In today’s HPC market, which provides a wide array of hardware options, the role of integrators is increasingly important as their expertise can help users to choose, set up and maintain HPC systems.
One example of the options available to HPC users can be seen in the processor market. Although Intel still dominates the field there are now credible alternatives from IBM’s openPOWER, AMD and ARM. While there is no one correct choice for every user or application, integrators can help to select the technologies most suited to a client’s budget and portfolio of applications.
Today a HPC system is much more than a collection of CPUs and, as the complexity of these systems increases, it is essential to balance computation with networking, storage and memory in order to deliver sustained application performance.

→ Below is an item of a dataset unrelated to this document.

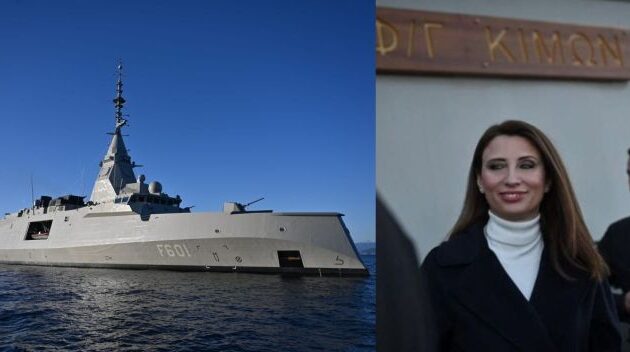 Ο Φάμελλος «έβαλε τιμωρία» την Κασιμάτη επειδή πήγε στη «Φ/Γ Κίμων»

‘Integrators have become more important as HPC systems have become more complex. There is a requirement to balance the compute and the I/O to make the system efficient, and to get intelligent scheduling to ensure that time is not wasted – there isn’t a tier-one provider that does all that,’ explained Julian Fielden, managing director of OCF.
Selecting the right technology
‘It’s the role of the integrator to bring together the best of breed technologies and ensure they are all balanced and work well together with ongoing support. This ongoing support is invaluable as our customers don’t want to be dealing with numerous vendors on a regular basis,’ added Fielden.
Beyond the sale of components, and support and maintenance, Fielden also stressed that integrators provide expertise to help users get the most out of their computing system. ‘It is not just the technology that is becoming more complex. Systems are now becoming multi-purpose, and are required to be production machines serving internal customers – like an internal cloud,’ said Fielden.
Users increasingly want to do more with their systems; this could be reflected in cloud technology but also data portals or remote access to specific parts of the facility, or connections to other computing systems. This is particularly true in academic centres users but can also apply to enterprise users.
‘There’s a far greater requirement for things other than the ‘tin’ to make it work efficiently. That’s why there needs to be an integrator, as opposed to a reseller,’ added Fielden. ‘The HPC system needs to be ‘designed’ not just sold for purpose. Without the services of a good integrator you risk getting a bag of bits, instead of a balanced system.’
It is not just computing hardware that integrators can help to set up when designing a new system, as demonstrated by a recent contract awarded to German based integrator Megware – which was selected to provide a hot water-cooled HPC system, ‘CooLMUC 3,’ at the Leibniz Supercomputing Center (Lrz) in Garching.
As the name CooLMUC 3 suggests, this is the third generation of of the CooLMUC computer cluster at Leibniz, which is part of the Bavarian Academy of Sciences and Humanities Garching research centre. This is the second time that Megware has supplied a CooLMUC system, which is designed to provide very high energy-efficiency.
The system was developed at the company’s technology development centre in Chemnitz and based on its own hardware and software. With the first generation of CooLMUC, Megware proved back in 2011 that it is possible to cool various processor technologies directly with hot water. In addition, an absorption chiller was used to efficiently reuse residual heat to generate process cooling, in order to cool existing servers in additional racks.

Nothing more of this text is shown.